The dependencies for this package are specified using pyproject.toml, which would make a requirements.txt
superfluous. TensorFlow is not specified there in order to allow people to install their preferred flavor of the package (e.g., some people still use tensorflow-gpu
or build from source).
I am using Google Colab. I am doing exactly like instructed in README.md.
I have installed vit-keras using pip. Then I go with this example code:
image_size = 224 model = vit.vit_l32( image_size=image_size, activation='sigmoid', pretrained=True, include_top=True, pretrained_top=False, classes=200 )
The details are as follows:
The version of TensorFlow that didn't work: tensorflow==2.4.1
The error message: Below
NotFoundError Traceback (most recent call last)
Ah, you've run into a compatibility problem between tensorflow_addons
and tensorflow
. Unfortunately, users have to manage the version compatibility for these two packages manually. See the tensorflow_addons
README for more information on why that's the case. Unfortunately, it's not something that vit-keras
can handle automatically.
Because Google Colab periodically updates the version of TensorFlow that ships, it's also not easy to just set a version of tensorflow_addons
to fix it. For that reason, I suggest setting a fixed version for both tensorflow
and tensorflow_addons
at the top of your notebook.
As an example, if you want to use tensorflow==2.4.1
, you can look it up on the tensorflow_addons
compatibility chart and see that it requires tensorflow_addons==0.12.1
. And so the following would work in a Google Colab notebook.

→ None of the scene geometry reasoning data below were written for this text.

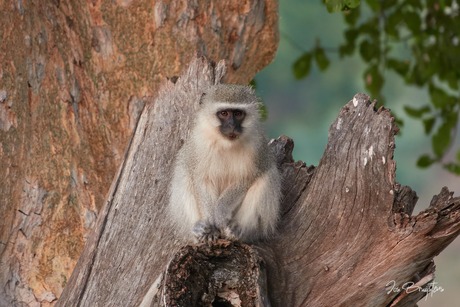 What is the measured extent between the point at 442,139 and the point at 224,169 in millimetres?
4025

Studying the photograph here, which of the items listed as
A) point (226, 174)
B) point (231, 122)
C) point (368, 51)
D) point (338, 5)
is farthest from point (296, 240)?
point (368, 51)

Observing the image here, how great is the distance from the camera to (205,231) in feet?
18.0

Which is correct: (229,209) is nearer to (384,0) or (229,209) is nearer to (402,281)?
(402,281)

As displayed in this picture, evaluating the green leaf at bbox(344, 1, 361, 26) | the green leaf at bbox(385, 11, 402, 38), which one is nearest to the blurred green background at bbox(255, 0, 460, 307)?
the green leaf at bbox(344, 1, 361, 26)

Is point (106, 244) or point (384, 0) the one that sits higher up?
point (384, 0)

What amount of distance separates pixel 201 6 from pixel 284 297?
231cm

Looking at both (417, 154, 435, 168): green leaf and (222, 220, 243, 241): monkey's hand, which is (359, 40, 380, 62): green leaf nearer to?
(417, 154, 435, 168): green leaf

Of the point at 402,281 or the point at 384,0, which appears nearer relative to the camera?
the point at 402,281

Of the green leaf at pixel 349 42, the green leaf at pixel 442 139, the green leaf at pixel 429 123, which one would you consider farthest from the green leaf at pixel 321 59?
the green leaf at pixel 442 139

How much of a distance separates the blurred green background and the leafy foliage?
2526mm

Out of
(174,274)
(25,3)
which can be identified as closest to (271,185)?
(174,274)

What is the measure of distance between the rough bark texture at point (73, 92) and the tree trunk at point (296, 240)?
1.64ft

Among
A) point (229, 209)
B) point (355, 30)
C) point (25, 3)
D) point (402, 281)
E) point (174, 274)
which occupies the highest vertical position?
point (355, 30)

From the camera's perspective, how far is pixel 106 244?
5348 millimetres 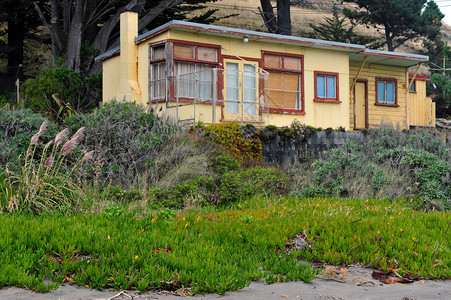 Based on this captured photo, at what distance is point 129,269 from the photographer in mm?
5852

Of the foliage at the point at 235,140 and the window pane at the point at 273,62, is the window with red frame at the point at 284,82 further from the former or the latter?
the foliage at the point at 235,140

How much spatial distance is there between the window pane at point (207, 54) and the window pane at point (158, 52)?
1.22 m

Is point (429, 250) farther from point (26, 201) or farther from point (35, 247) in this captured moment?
point (26, 201)

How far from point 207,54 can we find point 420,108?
12.4m

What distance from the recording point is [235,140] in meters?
14.5

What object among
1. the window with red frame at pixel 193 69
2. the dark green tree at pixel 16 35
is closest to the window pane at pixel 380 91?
the window with red frame at pixel 193 69

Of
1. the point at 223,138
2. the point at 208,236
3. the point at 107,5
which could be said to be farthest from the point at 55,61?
the point at 208,236

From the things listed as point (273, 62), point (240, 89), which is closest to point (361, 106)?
point (273, 62)

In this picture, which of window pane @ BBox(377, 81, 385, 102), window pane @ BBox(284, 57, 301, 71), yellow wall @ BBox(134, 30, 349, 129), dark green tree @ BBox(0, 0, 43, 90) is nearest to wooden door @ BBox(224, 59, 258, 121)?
yellow wall @ BBox(134, 30, 349, 129)

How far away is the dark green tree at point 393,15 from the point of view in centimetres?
4170

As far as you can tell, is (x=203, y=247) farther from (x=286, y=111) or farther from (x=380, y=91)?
(x=380, y=91)

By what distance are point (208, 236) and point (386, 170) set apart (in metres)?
6.75

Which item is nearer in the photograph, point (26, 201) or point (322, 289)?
point (322, 289)

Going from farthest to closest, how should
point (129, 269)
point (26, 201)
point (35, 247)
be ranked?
point (26, 201) → point (35, 247) → point (129, 269) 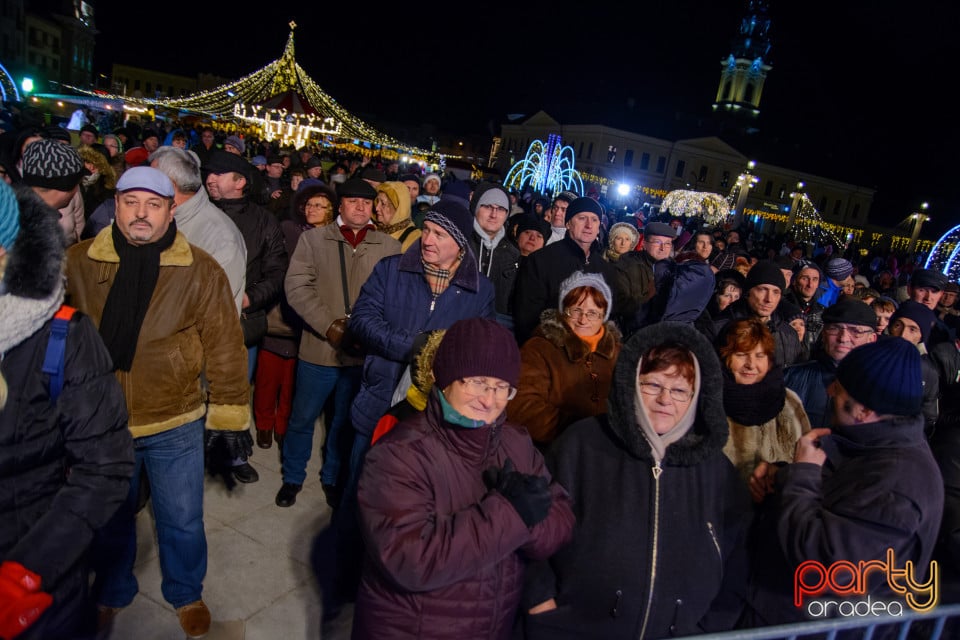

!pip install -q vit-keras tensorflow==2.4.1 tensorflow_addons==0.12.1
import vit_keras.vit as vit
image_size = 224
model = vit.vit_l32(
image_size=image_size,
activation='sigmoid',
pretrained=True,
include_top=True,
pretrained_top=False,
classes=200
)
Closing this for now but let me know if this doesn't solve your problem.
I was facing an error in loading the model. Resolved by downgrading Tensorflow version to 2.1.0. Upgrading this repo to latest version of Tensorflow would simply things a little more. Thanks for the implementation.